Tiny maybe-bug in obsolete line folding handling
I was looking at https://github.com/shazow/urllib3/pull/1318, and realized I wasn't quite sure what the right rules were for handling whitespace in headers using the "obsolete line-folding rule". Specifically, if we have a header like Name: value1${WHITESPACE1}\r\n${WHITESPACE2}value2 then what is the header's logical value?
Currently h11 treats it as: value1${WHITESPACE1} value2
That PR makes urllib3 treat it as: value1 value2
RFC 7230 says:
header-field = field-name ":" OWS field-value OWS
field-name = token
field-value = *( field-content / obs-fold )
field-content = field-vchar [ 1*( SP / HTAB ) field-vchar ]
field-vchar = VCHAR / obs-text
obs-fold = CRLF 1*( SP / HTAB )
(And then in the text it specifies that obs-fold tokens should be replaced by one or more SP.)
As written, this actually says that ${WHITESPACE1} being non-empty is an error, and only Name: value1\r\n${WHITESPACE2}value2 is legal (and it becomes Name: value1 value2). So h11 doesn't quite follow that.
The reason h11 doesn't quite follow it though is that the spec's ABNF is buggy – its field-content rule is just wrong: https://www.rfc-editor.org/errata/eid4189
The suggestion in that errata is:
field-content = field-vchar [ 1*( SP / HTAB / field-vchar ) field-vchar ]

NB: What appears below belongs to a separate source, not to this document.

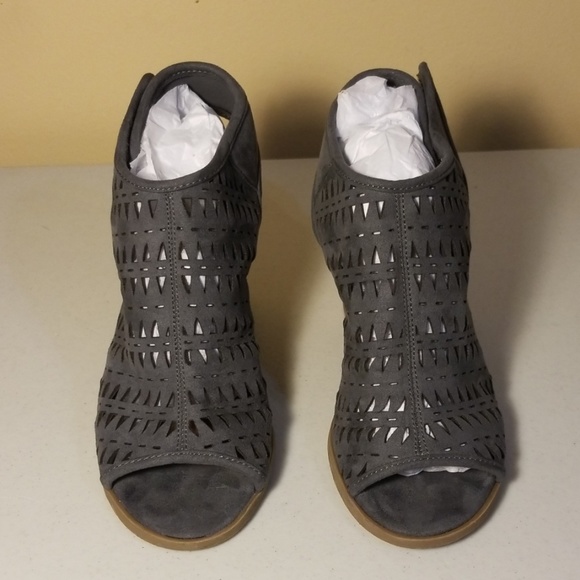 Indigo Rd. Gray Suede Lattice Peep Toe Bootie - Picture 2 of 8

obs-fold = OWS CRLF 1*( SP / HTAB )
This matches the urllib3 interpretation, but not the current h11 interpretation.
Of course, the comment on that errata is "this is not right", but OTOH "The [fix] is the best approach for now, and a better fix will be developed", someday, maybe.

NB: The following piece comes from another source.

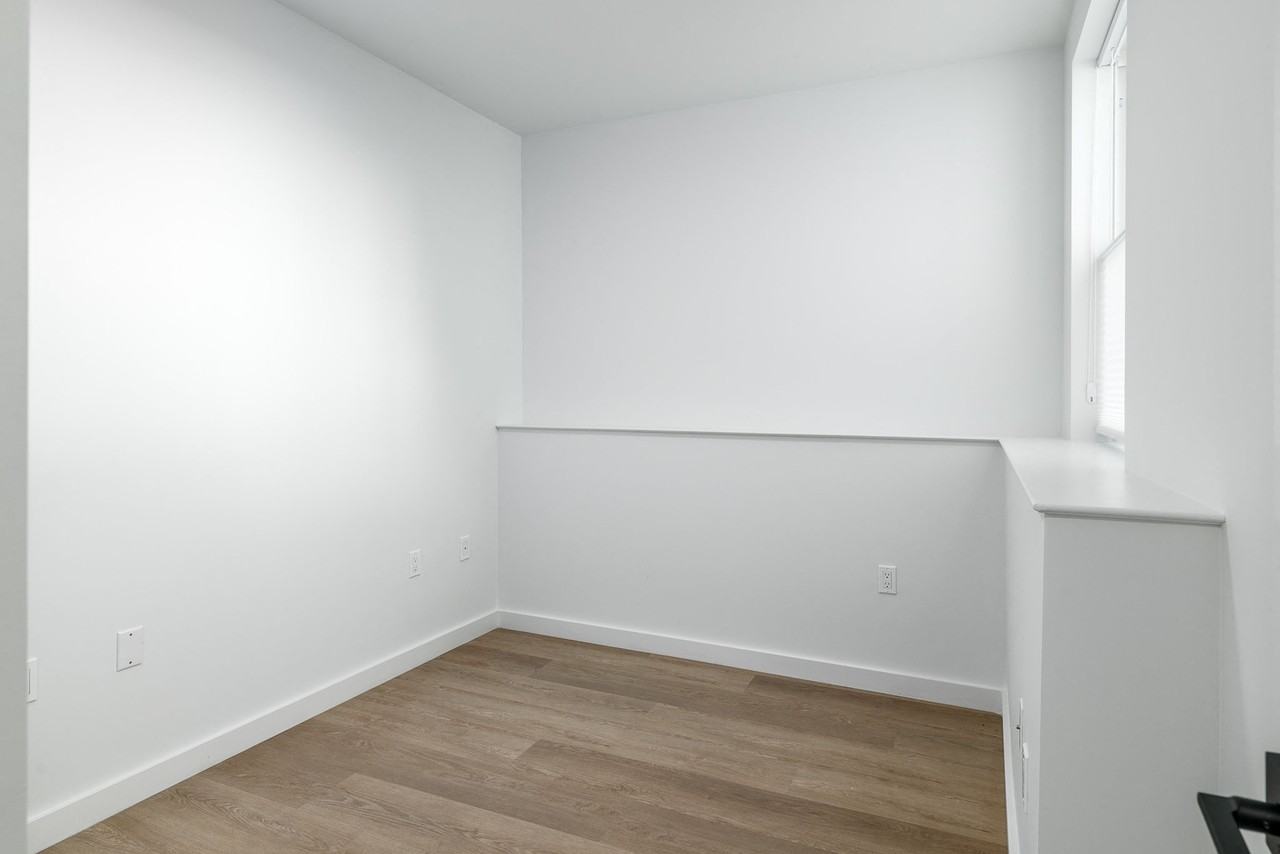 181 Bartlett - Photo 5 of 21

So I guess ideally h11 should switch to strip trailing whitespace from header lines that are followed by obs-fold lines.
This is the opposite of a high-priority bug.
A somewhat related wget bug: https://git.savannah.gnu.org/cgit/wget.git/commit/?id=1fc9c95ec144499e69dc8ec76dbe07799d7d82cd
Fortunately, that wget bug is very different in practice: if I'm reading this right they were interpreting the header as value1${WHITESPACE1}\r\n${WHITESPACE2}value2 which is, uh.... very very definitely not right, given that it's supposed to be impossible for \r and \n to appear in a header value. h11 doesn't do that.
Right! I just thought it was an interesting client-side header-parsing security bug, but maybe this issue was not the right place to say that.
Oh, sure, it's a good reminder of how big problems can arise from small parsing in obscure things like the handling of whitespace in obsolete line folding :-). I think h11 is pretty careful about these and that the specific issue discussed in this bug is not security relevant, but some day I'm sure I'll be wrong so it's good to check :-)
The obsolete RFC 2616 says:
All linear white space, including folding, has the same semantics as SP. A recipient MAY replace any linear white space with a single SP before interpreting the field value or forwarding the message downstream.
Which seems consistent with urllib3's interpretation. Though it also seems to bless h11's interpretation.